O local da Expo/98 era, então, no fim dos anos 80, um campo de contentores, matadouros e indústrias poluentes com a dimensão de 40 hectares. Um verdadeiro nojo e uma ameaça para o leito do estuário do Tejo com o qual confinava.


Aí nasceu a Exposição Internacional de Lisboa de 1998,  com 11 milhões de visitantes foi considerada a melhor Exposição Mundial de sempre. Do passado, e para recordar o que tinha sido aquele espaço, lá ficou a Torre da Refinaria da Petrogal.


Do meu tempo, continuo a recordar com saudade, o fim da linha dos eléctricos, da Estação do Poço do Bispo onde o condutor se apeava para mudar o “troley”, inverter a marcha e regressar ao Terreiro do Paço. Ali próximo iria aparecer e crescer aquele que viria a ser, o maior depósito de lixos tóxicos, algo a que à data apenas se chamava, prosaicamente, de porcaria e onde, anos mais tarde, nasceria, quase como por artes mágicas, a Expo/98, o maior, mais belo e surpreendente projecto de recuperação urbanística da cidade de Lisboa.

O Bairro de Marvila, era o local, por excelência, das tabernas e carvoarias, das fábricas, dos operários e dos copos de três, no tempo em que beber vinho era dar de comer a um milhão de portugueses.

O meu pai era proprietário de duas dessas tabernas e carvoarias, uma em Vale Formoso e outra na Rua Direita de Marvila e ao Domingo, quando ganhava o C.O.L (Clube Oriental de Lisboa), aumentava a euforia e o negócio do vinho a copo à mesa e ao balcão.

Ainda se faziam sentir os efeitos da guerra terminada em 45, das senhas de racionamento, das dificuldades, não para mim que era filho de pai, então rico, usava calções, meias de soquete e chamava de mamã à minha mãe.

Em 1937 o meu pai alugou uma moradia quase no fim da Rua José do Patrocínio onde então, quando chovia muito, desaguava tudo, cheia abaixo, vindo do Bairro Chinês, o mais antigo bairro de lata da cidade de Lisboa e que foi varrido do mapa, para orgulho dele, pelo Dr. João Soares, Presidente da Câmara.

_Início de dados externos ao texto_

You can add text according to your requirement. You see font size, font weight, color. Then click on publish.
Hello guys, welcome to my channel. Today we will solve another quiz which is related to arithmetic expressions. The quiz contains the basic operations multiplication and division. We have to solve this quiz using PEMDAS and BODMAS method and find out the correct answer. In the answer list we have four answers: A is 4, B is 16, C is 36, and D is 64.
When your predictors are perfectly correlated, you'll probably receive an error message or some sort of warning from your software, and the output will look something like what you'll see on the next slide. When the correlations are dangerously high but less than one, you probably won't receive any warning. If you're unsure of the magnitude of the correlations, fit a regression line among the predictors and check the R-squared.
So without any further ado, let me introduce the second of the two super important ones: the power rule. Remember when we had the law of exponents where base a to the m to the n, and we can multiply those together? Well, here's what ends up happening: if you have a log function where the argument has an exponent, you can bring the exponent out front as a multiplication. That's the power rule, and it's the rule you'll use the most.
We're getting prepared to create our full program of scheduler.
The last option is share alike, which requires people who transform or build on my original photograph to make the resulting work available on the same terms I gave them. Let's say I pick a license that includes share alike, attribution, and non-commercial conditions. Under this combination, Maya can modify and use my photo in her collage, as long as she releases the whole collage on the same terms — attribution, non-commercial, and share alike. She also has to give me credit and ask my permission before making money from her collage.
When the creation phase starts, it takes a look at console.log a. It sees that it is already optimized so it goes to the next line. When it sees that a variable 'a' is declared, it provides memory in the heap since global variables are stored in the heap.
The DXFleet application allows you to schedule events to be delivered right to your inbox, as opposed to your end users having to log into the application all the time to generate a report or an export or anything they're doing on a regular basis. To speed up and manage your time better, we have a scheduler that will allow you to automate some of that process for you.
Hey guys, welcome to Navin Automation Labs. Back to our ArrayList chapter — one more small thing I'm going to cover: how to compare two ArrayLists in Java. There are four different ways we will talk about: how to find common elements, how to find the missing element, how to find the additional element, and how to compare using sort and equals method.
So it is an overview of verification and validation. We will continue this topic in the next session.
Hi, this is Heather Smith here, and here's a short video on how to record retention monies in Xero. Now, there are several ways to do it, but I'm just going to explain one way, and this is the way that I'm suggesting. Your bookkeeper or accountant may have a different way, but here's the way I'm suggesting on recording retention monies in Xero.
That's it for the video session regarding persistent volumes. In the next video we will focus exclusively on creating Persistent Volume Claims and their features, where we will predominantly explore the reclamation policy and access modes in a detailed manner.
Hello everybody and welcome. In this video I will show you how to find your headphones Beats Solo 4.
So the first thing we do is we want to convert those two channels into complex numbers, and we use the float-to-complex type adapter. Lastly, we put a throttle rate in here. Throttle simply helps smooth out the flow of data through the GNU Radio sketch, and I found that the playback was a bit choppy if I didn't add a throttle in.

A moradia, numa cota mais alta do que a rua, tinha um amplo terraço em toda a sua frente servida por uma dupla escadaria, a primeira até um portão de ferro pintado de verde e a outra até à rua.

O edifício era de dois pisos ligados por uma escadaria interior muito bonita, em madeira exótica, que se abria em leque ao chegar hall. A parede da frente do prédio era toda revestida a azulejos verdes com uma varanda estreita a toda a largura e a encimá-lo bonitas figuras de pedra. 

Que fazia ali aquela moradia? Quem era o seu dono? Por que razão a construíra às portas do Bairro Chinês, encostada a uma ponte por onde o comboio ao passar fazia estremecer toda a casa?

Ou será que tudo nasceu, mais ou menos, em simultâneo? O prédio, a ponte com o comboio a passar e o bairro de lata?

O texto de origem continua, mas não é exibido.